三菱自燃費不正 法令軽視体質が繰り返すウソ

朝日新聞 2016年04月22日

三菱自動車 教訓はどこへ行った

不祥事のたびに企業体質の抜本的な改善を誓ってきたのは、いったい何だったのか。

三菱自動車で、主力である軽自動車の燃費を実際よりよく見せようと、試験データを改ざんする不正が何年にもわたって行われていた。

2000年と04年には大規模なリコール隠しが発覚し、経営危機に陥って三菱グループの支援を仰いだ。にもかかわらず、それ以降もさまざまなほころびが生じている。過去の教訓が生かされず、法令順守の意識を欠いているというしかない。

同社は有識者委員会を設けて調査を進める。経営責任は免れないが、まずは不正の実態と原因の徹底解明である。

改ざんは、新車の性能を確かめる実験部門で行われた。目標とする数値が達成できなければ、開発・設計部門で対策を考えるのが当然の対応だろう。

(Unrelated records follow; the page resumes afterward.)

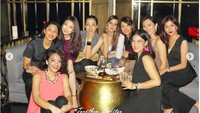 Bersama teman-temannya, Dian Sastro terlhat semringah saat merayakan ulang tahun ke-36. Foto: Instagram Nananarang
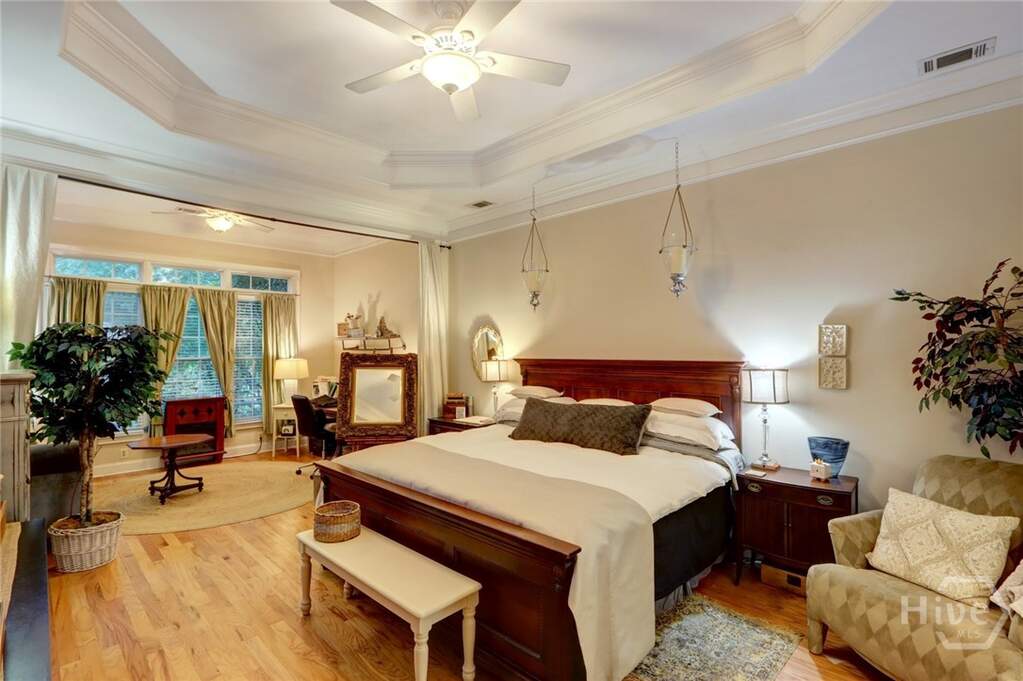 4 Bedroom Single Family Home/House's Image 28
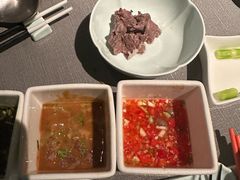 -左庭右院鲜牛肉火锅黑金店(陆家嘴中心店)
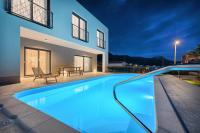Villa Ammi - swimming pool&barbecue - B&B Kaštel Novi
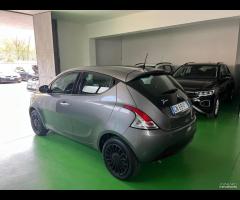 Lancia Ypsilon 1.2 69 CV 5 porte GPL Silver - 8
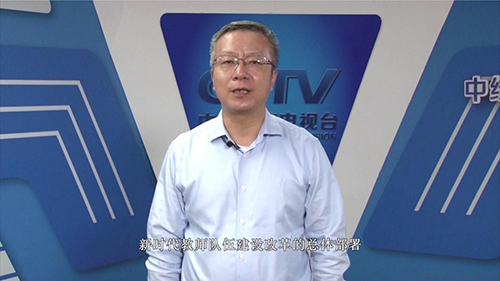 圖為教育部教師工作司任友群向特教老師表達(dá)節(jié)日祝福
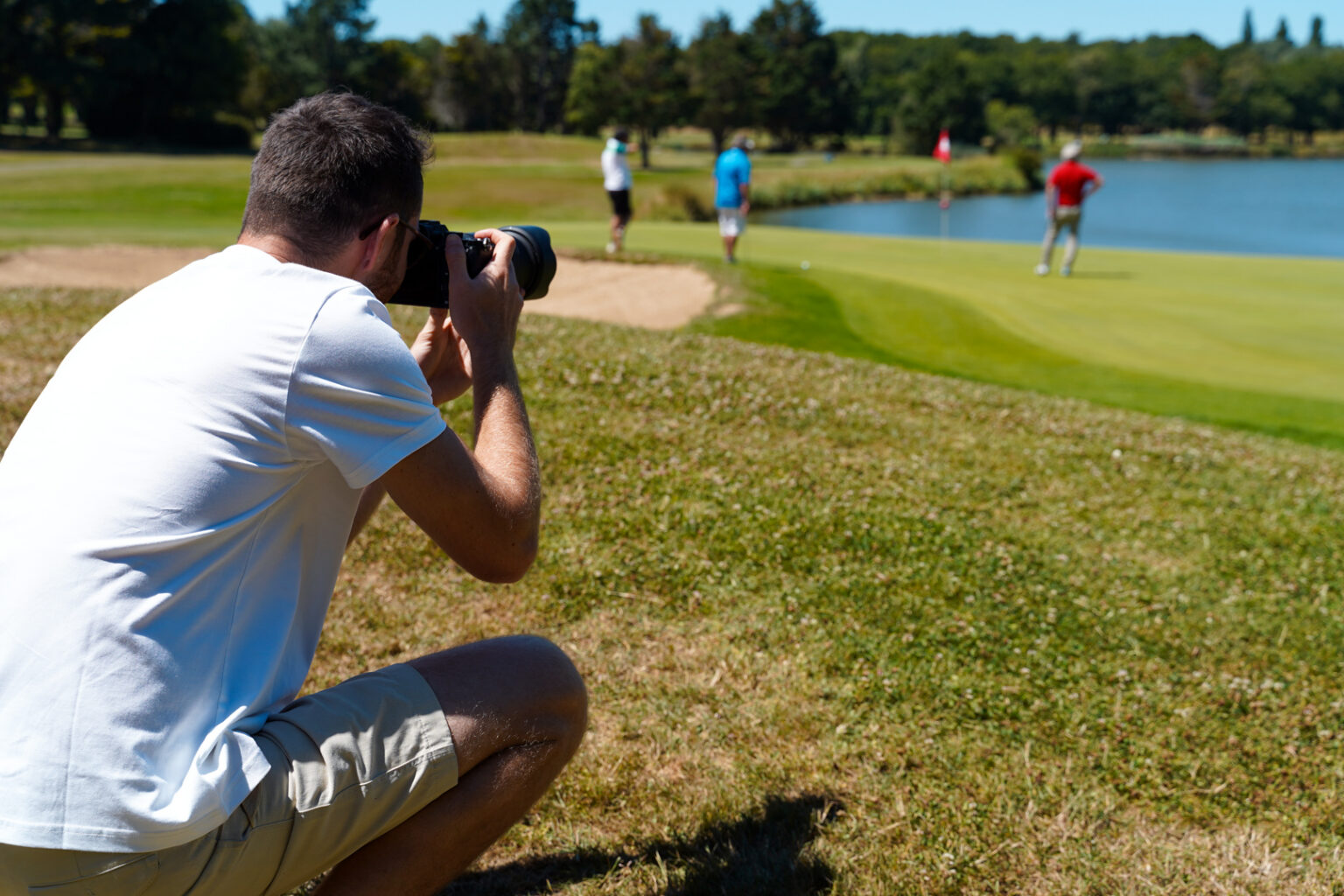 Vidéaste d'Atlantic Digital en tournage sur un parcours de golf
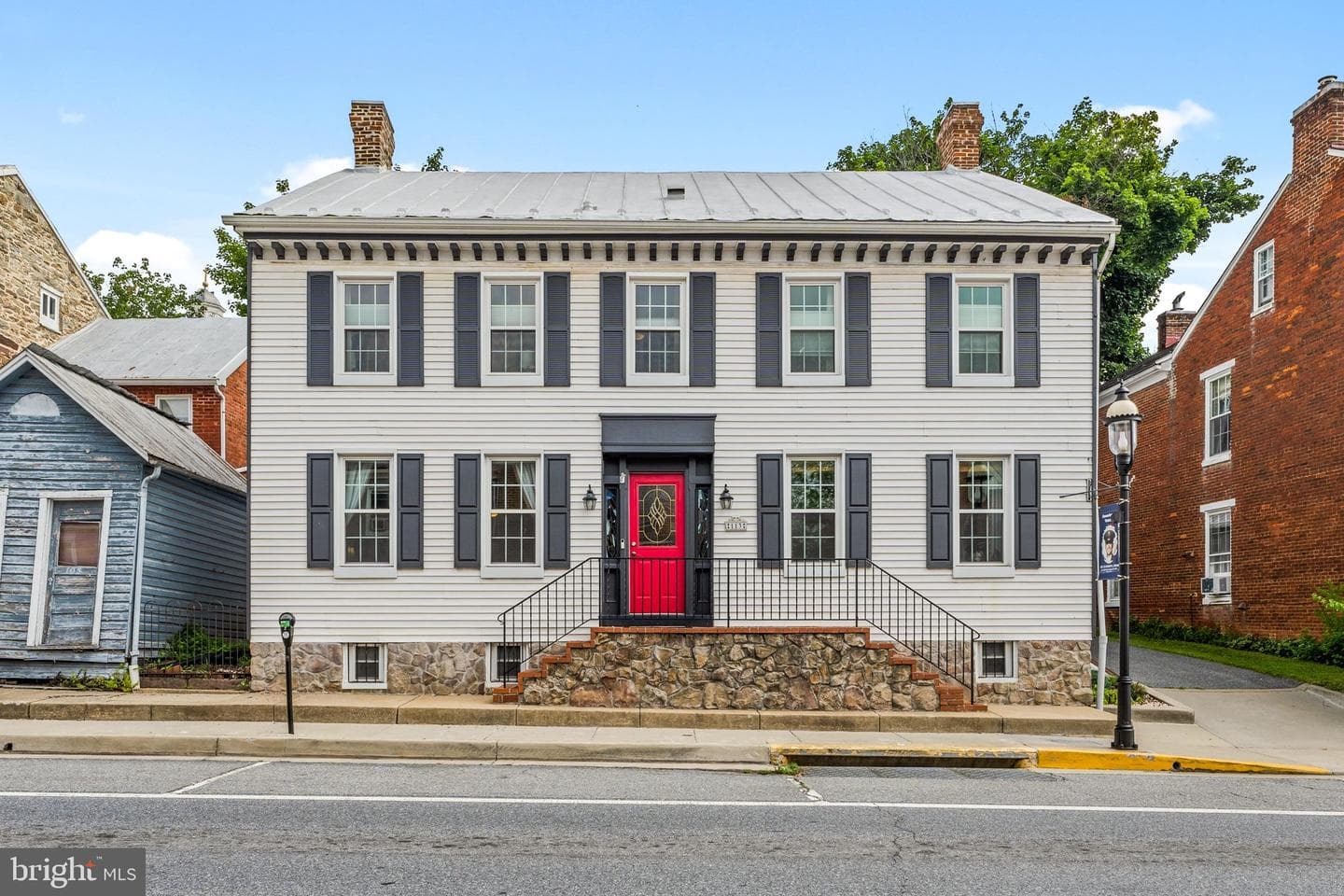 113 E Main Street photo 1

なぜデータをごまかす方向へと走り、それを見抜けなかったのか。一部門の独断だったのか、経営陣からの圧力はなかったのか。

提携先の日産自動車からの指摘で不正の端緒を得たのは昨年11月だった。それを確認するのに5カ月を要したことにも不信が募る。立ち入り検査に踏み切った国土交通省は1週間で詳細に報告するよう求めたが、三菱自の経営陣はスピード感を忘れずに対応してほしい。

日産への供給分を含めた62万5千台のユーザーには謝罪と補償をするというが、問題は顧客への対応にとどまらない。

データ改ざんが行われた4車種はエコカー減税の対象だった。実際の燃費は公表値より5~10%低いと見られ、車種によっては減税の区分が変わる可能性もある。本来なら国や自治体に納められるはずの税収が得られなかったとすれば、国民全体への背信行為にも等しい。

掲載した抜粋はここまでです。